A mandate that’s too broad risks repeating much of the work of the Royal Commission on Aboriginal Peoples, which took five years and millions of dollars and is still the most complete but unproductive look at Canada’s colonial legacy. And a very big mandate risks obscuring the specific issues of indigenous women, nearly 1,200 of whom have been slain or gone missing since 1980.
Wab Kinew, the director of indigenous inclusion at the University of Winnipeg, said he wants an inquiry with a broad mandate and a requirement to deliver a set of recommendations against which all current and future government programs can be judged.
He said when Prime Minister Stephen Harper touts more funding for police and tougher laws, or when Manitoba Premier Selinger responds with a pledge of programs to address poverty, they are generally playing for votes, making it tough for people to know if those promises do any good.
“How do I know what is the right approach?” he asked. “(An inquiry) will provide an independent benchmark by which I can measure all actions.”
Manitoba Grand Chief Derek Nepinak said the mandate of an inquiry must demand recommendations that can be acted upon immediately for real results. He said recommendations for more police and stiffer sentences won’t help.

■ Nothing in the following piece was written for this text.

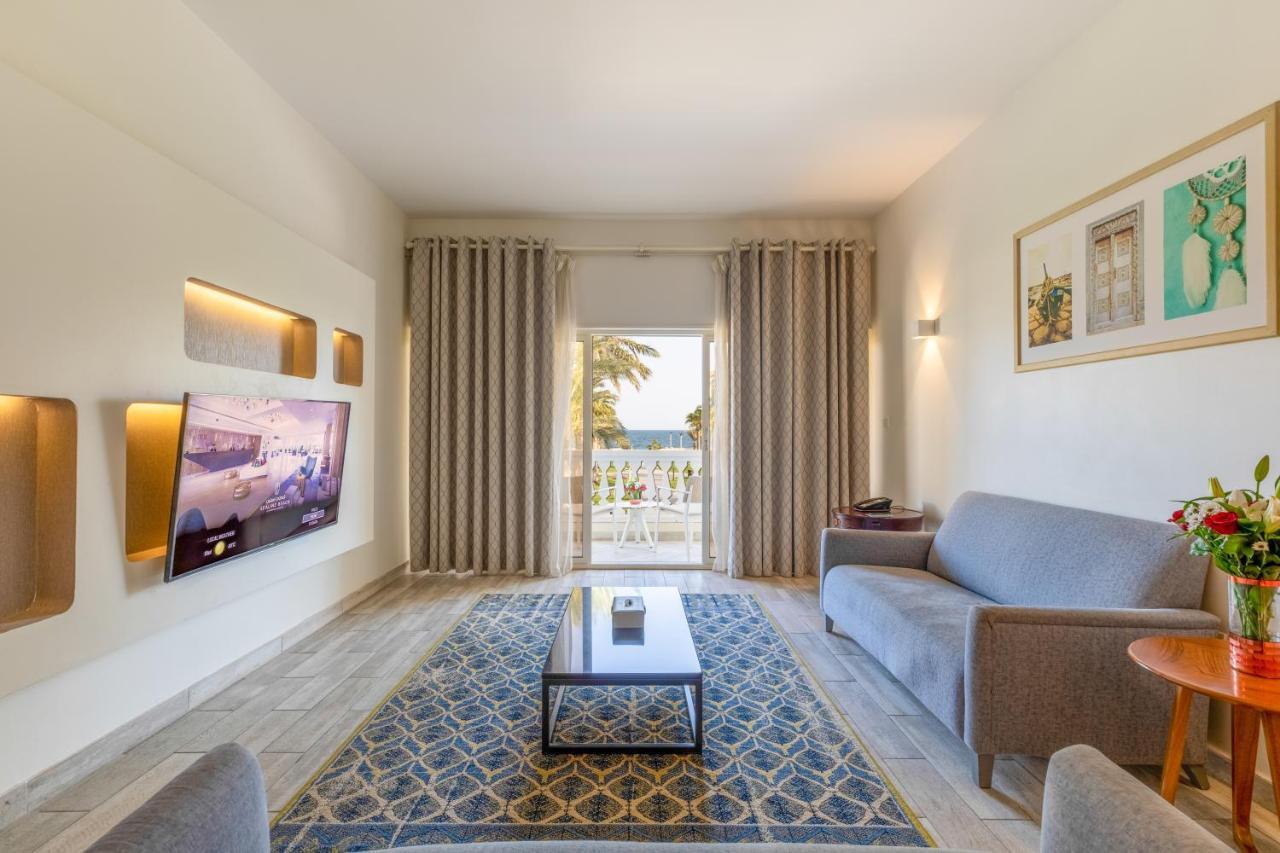 Sealine Beach, A Murwab Resort Mesaieed Exterior photo A suite at the hotel
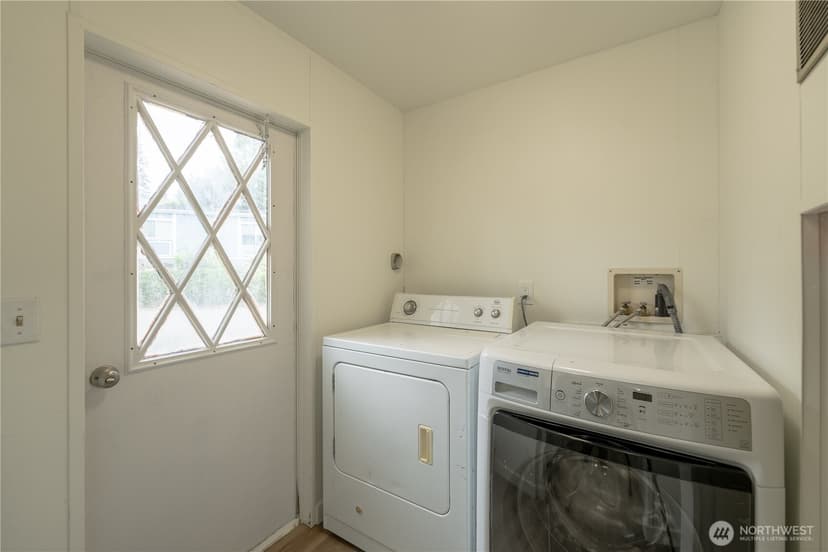 Property photo for 7701 Hardeson Road #52C, Everett photo 28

“That is not the solution,” said Nepinak. “We have to be willing to delve deeper than that.”
The country’s premiers have called for a national inquiry — most recently and forcefully, Saskatchewan’s Conservative Brad Wall. It was a call the premiers repeated at their annual gathering Wednesday in Charlottetown, which raised the question of whether the premiers could go it alone, sidestepping Harper and launching their own process.
Many experts canvassed by the Free Press agree an inquiry must be national in scope and have the full participation of the federal government since it’s Ottawa that is constitutionally responsible for aboriginals and funds the bulk of on-reserve policing, child welfare and education.
“I can’t see this working without a strong commitment from the federal government to change these pathways of aboriginal girls and women and do something very different than we’ve been doing,” said Mary Ellen Turpel-Lafond, BC’s representative for children and youth.
Turpel-Lafond is lukewarm about the growing momentum for a national inquiry, saying just how one would work requires more thought, especially if it risks delaying some of the obvious and practical ways to help women and girls that experts know work. She said anything that sparks a national debate on the issue is helpful, but discussion in the media and among politicians must translate into improvements to funding and services.
“On the ground, is this the pre-eminent issue? Are we doing everything we can to change the pathways for women and girls? I don’t see that,” she said. “It’s been at the bottom of the heap for some time.”
It’s difficult to imagine a speedy process. The Royal Commission, established following the 1990 Oka Crisis, took five years to deliver its massive reports.
A commission of inquiry would need to travel the country, much as the Royal Commission did in the 1990s. And, its process would be expected to be based on indigenous cultural practices, where proceedings are built around traditional ceremonies, where oral evidence is valued and where indigenous concepts of restorative justice are paramount.
If nothing else, a national inquiry would help fade what’s becoming a permanent stain on the relationship between First Nations leaders and the federal government, a lingering problem that threatens to taint all other issues such as resource-sharing and governance reforms.
Nepinak said an inquiry could be the next national conversation Canadians have about their history.
“It helped society evolve, and I think that is where the value is in an inquiry,” said Nepinak. “Until we find a government willing to work with us, the culture of denial is going subsist.”